What we need are poets with guts like Villon, who dared criticize the ruling Parisian theocrats during his time and risked death by hanging. Where are those poets today in America who RISK in their poetry upsetting established-order apparatchiks, who promote coopted, innocuous poetry… and thus weaken literature, dulling its blade, rendering it palatable for the established order?
Why not try being original and not push celebrity literati in your literati columns? Why not seek out rare poets who really do RISK speaking rude truth in their verse—RISK not getting tenure, RISK not getting grants, RISK not getting invitations, RISK not getting awards, RISK not getting reviewed in your columns? Nature and feelings are fine in poetry, BUT poetry should NOT be limited to those things. “Such imagery from a vanishing America further enforces the overall autumnal quality of these recent poems,” you write regarding Kooser’s new book. Wow. “Overall autumnal quality”! Now, that’s a good one! What about overall RISK and bold TRUTH TELLING?
“But if you reflexively dismiss modern verse as dauntingly esoteric or embarrassingly corny or tediously singsong, you need to try Ted Kooser,” you conclude. Rather than “dauntingly esoteric,” I find modern verse devoid of any criticism at all of the academic/literary established order machinery, professors, and favored icons diligently working to keep poetry castrated.
Sunday, February 14, 2010
Claudia Emerson

Open Letter to the English Professors
Of the University of Mary Washington
A satirical cartoon of one of your colleagues, Claudia Emerson, is up on The American Dissident blogsite:
http://wwwtheamericandissidentorg.blogspot.com/. Please inform Emerson, whose email address was not available to me. Experience tells me it is highly likely that you do not believe in vigorous debate, cornerstone of democracy, and do not give a damn about the value of criticism and free speech, preferring instead the establishment of speech restricting codes, zones, and policies. If, however, you prove to be quite extraordinary, consider subscribing to The American Dissident. Yale, Harvard, Buffalo, Wisconsin, Brown, Johns Hopkins, and other such universities are subscribers.

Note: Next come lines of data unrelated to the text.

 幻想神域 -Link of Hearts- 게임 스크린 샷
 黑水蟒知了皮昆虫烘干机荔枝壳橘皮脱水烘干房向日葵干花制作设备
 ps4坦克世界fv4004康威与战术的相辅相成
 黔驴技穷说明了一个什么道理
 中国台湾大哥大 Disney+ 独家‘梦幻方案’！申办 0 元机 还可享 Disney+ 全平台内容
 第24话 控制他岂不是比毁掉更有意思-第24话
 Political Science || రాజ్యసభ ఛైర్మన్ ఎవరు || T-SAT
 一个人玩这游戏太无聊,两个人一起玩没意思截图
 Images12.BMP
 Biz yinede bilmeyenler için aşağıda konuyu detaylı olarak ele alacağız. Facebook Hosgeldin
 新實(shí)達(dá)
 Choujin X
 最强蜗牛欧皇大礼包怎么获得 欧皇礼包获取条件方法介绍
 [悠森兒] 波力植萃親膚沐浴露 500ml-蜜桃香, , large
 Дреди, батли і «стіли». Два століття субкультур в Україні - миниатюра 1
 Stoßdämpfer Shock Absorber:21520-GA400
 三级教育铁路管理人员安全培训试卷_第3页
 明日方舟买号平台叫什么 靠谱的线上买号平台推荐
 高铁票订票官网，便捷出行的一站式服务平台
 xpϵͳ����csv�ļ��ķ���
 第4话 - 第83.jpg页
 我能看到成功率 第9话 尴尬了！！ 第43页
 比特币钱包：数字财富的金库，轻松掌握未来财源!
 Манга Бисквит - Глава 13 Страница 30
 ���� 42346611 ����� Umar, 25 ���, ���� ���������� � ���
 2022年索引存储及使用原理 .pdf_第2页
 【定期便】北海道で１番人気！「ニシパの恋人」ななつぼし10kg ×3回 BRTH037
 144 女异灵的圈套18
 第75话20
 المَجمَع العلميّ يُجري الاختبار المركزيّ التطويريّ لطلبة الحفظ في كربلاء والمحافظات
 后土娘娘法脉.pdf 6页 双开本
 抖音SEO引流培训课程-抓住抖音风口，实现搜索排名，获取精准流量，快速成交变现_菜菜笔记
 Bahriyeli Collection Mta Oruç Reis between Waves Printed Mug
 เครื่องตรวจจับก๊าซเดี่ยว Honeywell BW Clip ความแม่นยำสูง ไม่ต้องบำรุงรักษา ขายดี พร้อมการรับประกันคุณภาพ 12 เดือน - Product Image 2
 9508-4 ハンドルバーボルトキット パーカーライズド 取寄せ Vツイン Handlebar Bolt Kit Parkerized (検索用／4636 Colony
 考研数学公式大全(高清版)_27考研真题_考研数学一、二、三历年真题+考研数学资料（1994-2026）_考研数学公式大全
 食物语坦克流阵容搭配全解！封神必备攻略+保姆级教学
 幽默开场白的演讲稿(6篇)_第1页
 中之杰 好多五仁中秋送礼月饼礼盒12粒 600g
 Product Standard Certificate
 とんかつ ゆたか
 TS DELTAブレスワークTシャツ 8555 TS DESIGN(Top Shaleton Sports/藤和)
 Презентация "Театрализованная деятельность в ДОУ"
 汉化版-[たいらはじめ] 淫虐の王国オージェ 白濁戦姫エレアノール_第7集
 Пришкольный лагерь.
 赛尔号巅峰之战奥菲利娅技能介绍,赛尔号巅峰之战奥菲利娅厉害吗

Your silence will simply imply that you, indeed, operate as yet another academic herd lead by business-minded (not democracy-minded) provosts, deans, and chairpersons. It will simply imply that you too fail to heed Thoreau and Emerson (“let your life be a counterfriction to stop the machine,” “go upright and vital, and speak the rude truth in all ways”).
America has truly taken the wrong pathway, educating so many, many of its citizens as unquestioning and unchallenging societal cogs driven not by principles, but instead by careerism. One day, perhaps in the near future, even our politicians will have a difficult time referring to the nation as a democracy, thanks in part to the nation's college and university professors.
See the blogsite for other experiments in free speech effected on faculty of other universities and colleges. Thank you for your attention.